Four reasons estimation is unavoidable¶
| Reason | What we need a number for | Failure mode if we skip it |
|---|---|---|
| Plan the work | Schedule, staffing, dependency graph, critical path | "When will it ship?" → an honest answer is "I have no idea" |
| Budget the work | Funding requests, capital allocation, runway planning | Out-of-money before out-of-features |
| Price the work | Fixed-price contracts, internal chargeback, customer quotes | Sign a contract that loses money on every unit |
| Manage the work | Track progress vs plan; signal when to escalate | No baseline → no variance → no early warning |
Even a wrong estimate, used honestly, is more useful than no estimate.

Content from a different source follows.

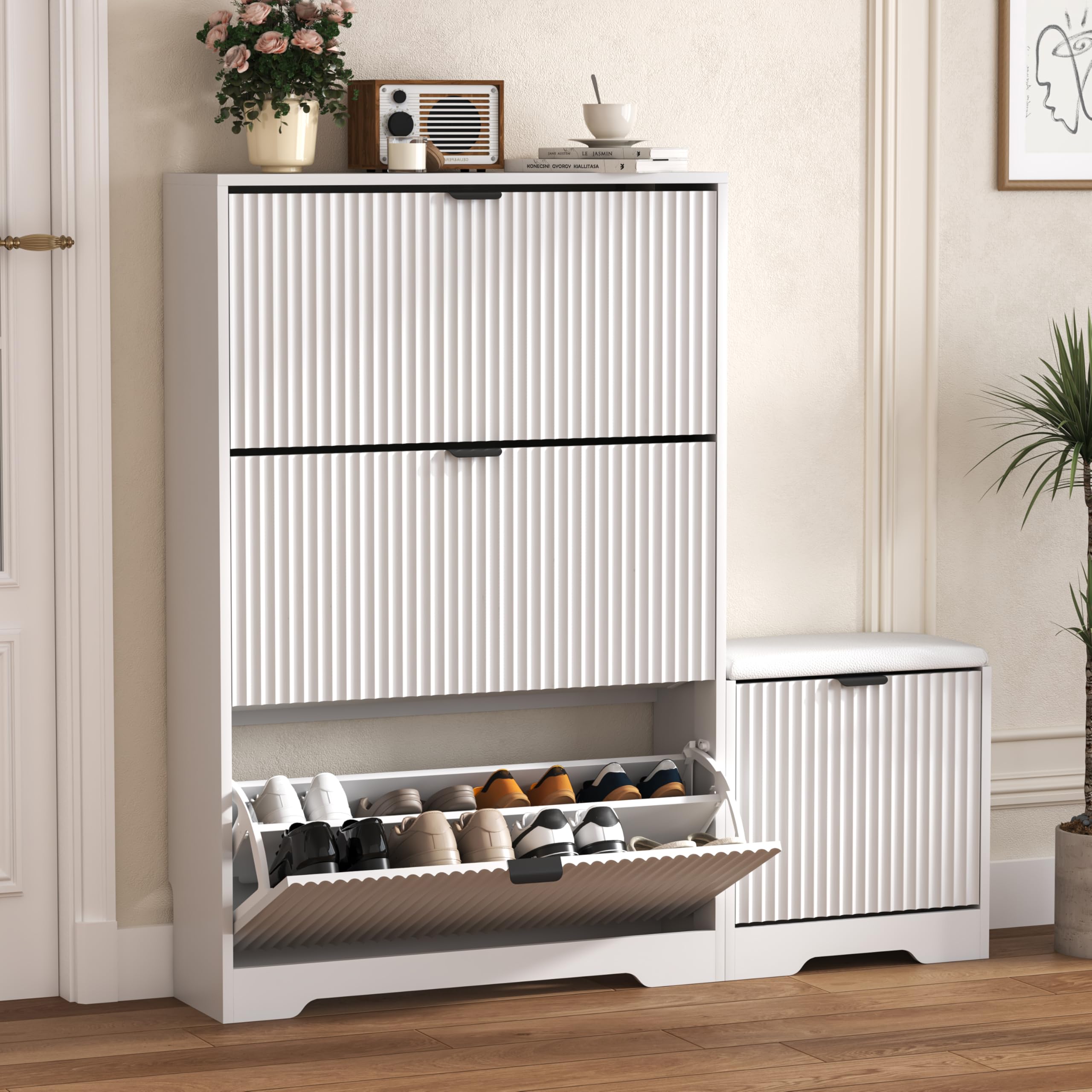 HUANLEGO Shoe Cabinet Storage for Entryway with Flip Drawer &amp; Bench, White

The estimate is the baseline; the deviation from the baseline is the signal that lets a manager act. A team with no estimate has no signal — they only know they are late after the deadline has already passed.
Why it is so hard — Brooks's verdict¶
"More software projects have gone awry for lack of calendar time than for all other causes combined." — Fred Brooks, The Mythical Man-Month (1975)
Brooks identified five reasons software estimation is structurally harder than estimating, say, a bridge:
- Software is invented, not assembled. Every project does something at least slightly novel; calibration data is thinner than in civil engineering.
- Effort is non-linear in size. Doubling the size more than doubles the effort, because communication paths grow as \(n(n-1)/2\).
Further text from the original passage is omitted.